> [WORK REQUIRED]: Print all of the records. Exclude the images.

> [INPUT]:
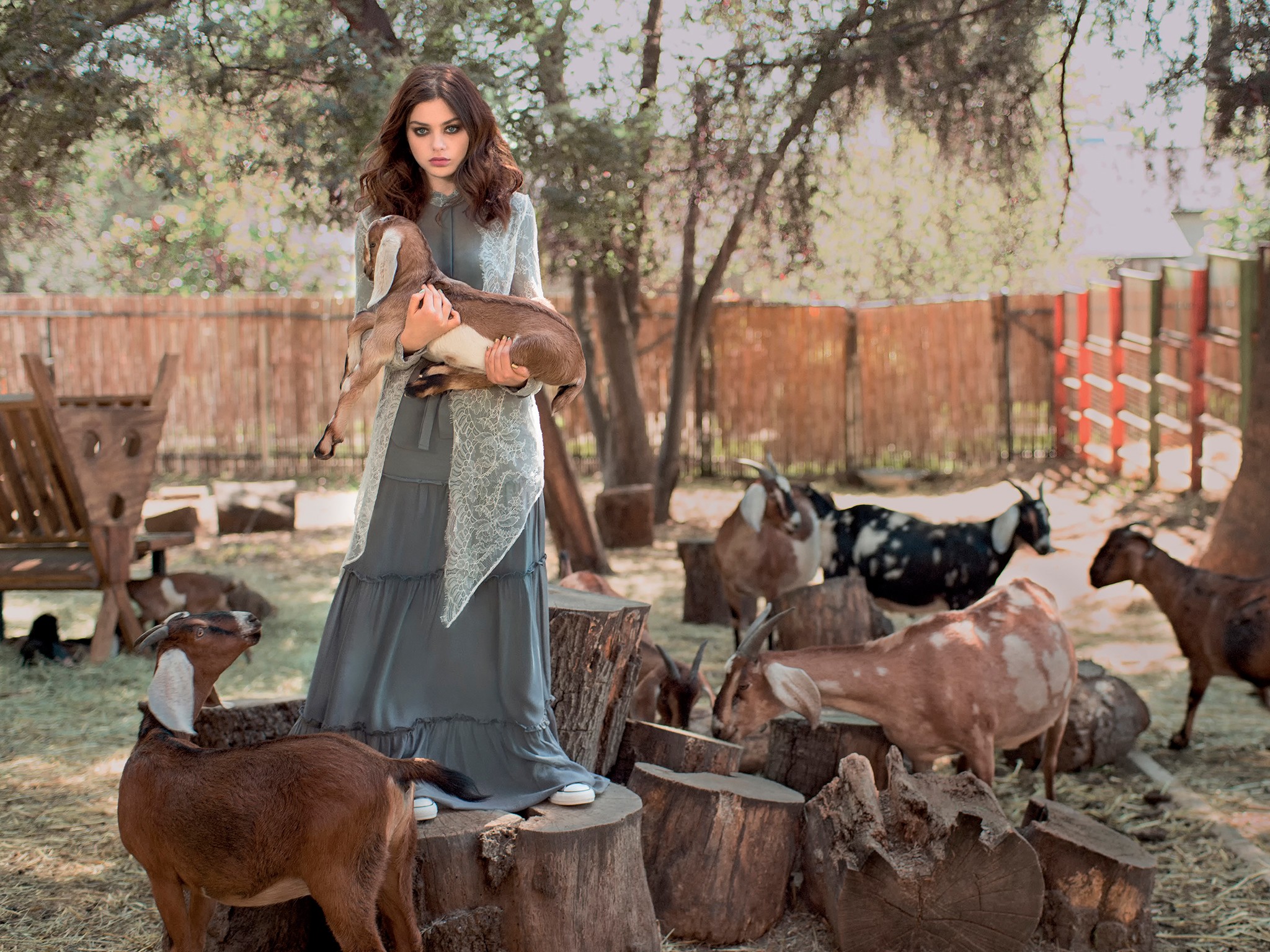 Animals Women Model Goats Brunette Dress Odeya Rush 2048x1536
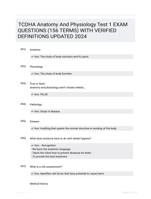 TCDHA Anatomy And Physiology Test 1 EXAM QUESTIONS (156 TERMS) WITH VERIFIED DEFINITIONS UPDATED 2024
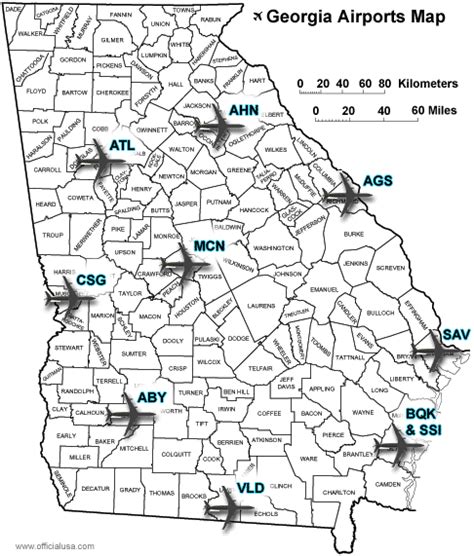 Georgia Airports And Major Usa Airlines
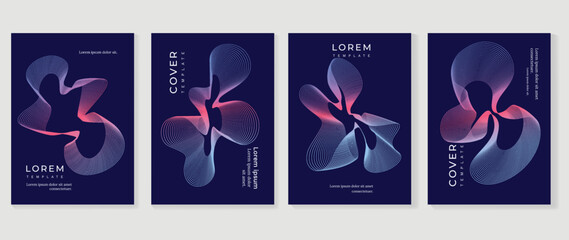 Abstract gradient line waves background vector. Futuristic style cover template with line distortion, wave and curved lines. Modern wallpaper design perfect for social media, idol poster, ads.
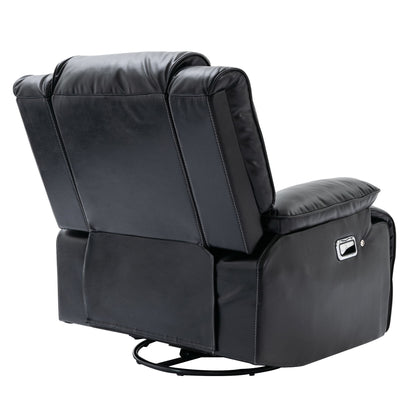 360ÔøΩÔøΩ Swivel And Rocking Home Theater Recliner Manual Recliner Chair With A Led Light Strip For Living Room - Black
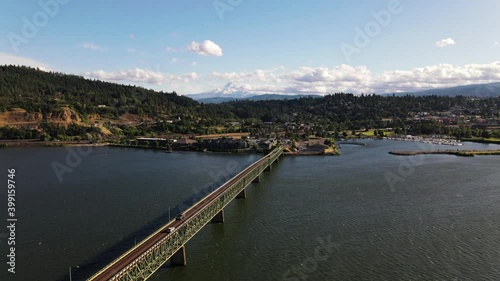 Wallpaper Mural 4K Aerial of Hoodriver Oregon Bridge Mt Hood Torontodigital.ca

> [RESULT OF THIS TASK]:
 Animals Women Model Goats Brunette Dress Odeya Rush 2048x1536
 TCDHA Anatomy And Physiology Test 1 EXAM QUESTIONS (156 TERMS) WITH VERIFIED DEFINITIONS UPDATED 2024
 Georgia Airports And Major Usa Airlines
 Abstract gradient line waves background vector. Futuristic style cover template with line distortion, wave and curved lines. Modern wallpaper design perfect for social media, idol poster, ads.
 360ÔøΩÔøΩ Swivel And Rocking Home Theater Recliner Manual Recliner Chair With A Led Light Strip For Living Room - Black
 Wallpaper Mural 4K Aerial of Hoodriver Oregon Bridge Mt Hood Torontodigital.ca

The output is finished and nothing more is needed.